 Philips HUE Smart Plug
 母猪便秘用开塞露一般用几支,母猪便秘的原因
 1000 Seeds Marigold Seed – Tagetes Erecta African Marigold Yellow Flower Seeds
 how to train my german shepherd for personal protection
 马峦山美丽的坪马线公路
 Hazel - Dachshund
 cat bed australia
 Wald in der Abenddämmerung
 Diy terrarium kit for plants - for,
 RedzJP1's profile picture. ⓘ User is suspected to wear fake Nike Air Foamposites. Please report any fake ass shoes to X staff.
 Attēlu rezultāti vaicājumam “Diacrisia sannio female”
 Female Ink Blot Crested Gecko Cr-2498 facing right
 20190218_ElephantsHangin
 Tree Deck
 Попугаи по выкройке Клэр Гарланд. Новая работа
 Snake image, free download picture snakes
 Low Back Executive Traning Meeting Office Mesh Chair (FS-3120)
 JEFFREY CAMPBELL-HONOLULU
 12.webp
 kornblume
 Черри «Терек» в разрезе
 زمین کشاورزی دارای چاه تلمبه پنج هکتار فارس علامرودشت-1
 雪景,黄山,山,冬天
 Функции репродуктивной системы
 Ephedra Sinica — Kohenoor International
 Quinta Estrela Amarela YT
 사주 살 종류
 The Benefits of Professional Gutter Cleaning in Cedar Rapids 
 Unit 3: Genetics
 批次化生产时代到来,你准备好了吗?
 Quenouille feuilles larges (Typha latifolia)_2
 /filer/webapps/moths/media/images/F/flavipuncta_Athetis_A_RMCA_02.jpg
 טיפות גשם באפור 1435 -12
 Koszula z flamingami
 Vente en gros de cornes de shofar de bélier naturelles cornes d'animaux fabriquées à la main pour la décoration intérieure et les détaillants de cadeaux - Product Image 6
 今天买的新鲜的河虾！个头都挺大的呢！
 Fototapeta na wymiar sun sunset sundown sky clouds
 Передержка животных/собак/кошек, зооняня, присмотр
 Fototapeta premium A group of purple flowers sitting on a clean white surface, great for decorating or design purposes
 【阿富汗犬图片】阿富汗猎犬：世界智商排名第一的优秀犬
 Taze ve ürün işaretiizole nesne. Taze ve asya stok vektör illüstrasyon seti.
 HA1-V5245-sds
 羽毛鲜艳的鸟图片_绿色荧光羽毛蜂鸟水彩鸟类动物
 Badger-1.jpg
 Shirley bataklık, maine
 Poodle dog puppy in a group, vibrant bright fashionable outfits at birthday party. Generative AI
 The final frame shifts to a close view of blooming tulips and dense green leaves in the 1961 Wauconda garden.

> [Exercise requirements]
Go through the records and repeat each one exactly as written.

> [Result of this exercise]
 Philips HUE Smart Plug
 母猪便秘用开塞露一般用几支,母猪便秘的原因
 1000 Seeds Marigold Seed – Tagetes Erecta African Marigold Yellow Flower Seeds
 how to train my german shepherd for personal protection
 马峦山美丽的坪马线公路
 Hazel - Dachshund
 cat bed australia
 Wald in der Abenddämmerung
 Diy terrarium kit for plants - for,
 RedzJP1's profile picture. ⓘ User is suspected to wear fake Nike Air Foamposites. Please report any fake ass shoes to X staff.
 Attēlu rezultāti vaicājumam “Diacrisia sannio female”
 Female Ink Blot Crested Gecko Cr-2498 facing right
 20190218_ElephantsHangin
 Tree Deck
 Попугаи по выкройке Клэр Гарланд. Новая работа
 Snake image, free download picture snakes
 Low Back Executive Traning Meeting Office Mesh Chair (FS-3120)
 JEFFREY CAMPBELL-HONOLULU
 12.webp
 kornblume
 Черри «Терек» в разрезе
 زمین کشاورزی دارای چاه تلمبه پنج هکتار فارس علامرودشت-1
 雪景,黄山,山,冬天
 Функции репродуктивной системы
 Ephedra Sinica — Kohenoor International
 Quinta Estrela Amarela YT
 사주 살 종류
 The Benefits of Professional Gutter Cleaning in Cedar Rapids 
 Unit 3: Genetics
 批次化生产时代到来,你准备好了吗?
 Quenouille feuilles larges (Typha latifolia)_2
 /filer/webapps/moths/media/images/F/flavipuncta_Athetis_A_RMCA_02.jpg
 טיפות גשם באפור 1435 -12
 Koszula z flamingami
 Vente en gros de cornes de shofar de bélier naturelles cornes d'animaux fabriquées à la main pour la décoration intérieure et les détaillants de cadeaux - Product Image 6
 今天买的新鲜的河虾！个头都挺大的呢！
 Fototapeta na wymiar sun sunset sundown sky clouds
 Передержка животных/собак/кошек, зооняня, присмотр
 Fototapeta premium A group of purple flowers sitting on a clean white surface, great for decorating or design purposes
 【阿富汗犬图片】阿富汗猎犬：世界智商排名第一的优秀犬
 Taze ve ürün işaretiizole nesne. Taze ve asya stok vektör illüstrasyon seti.
 HA1-V5245-sds
 羽毛鲜艳的鸟图片_绿色荧光羽毛蜂鸟水彩鸟类动物
 Badger-1.jpg
 Shirley bataklık, maine
 Poodle dog puppy in a group, vibrant bright fashionable outfits at birthday party. Generative AI
 The final frame shifts to a close view of blooming tulips and dense green leaves in the 1961 Wauconda garden.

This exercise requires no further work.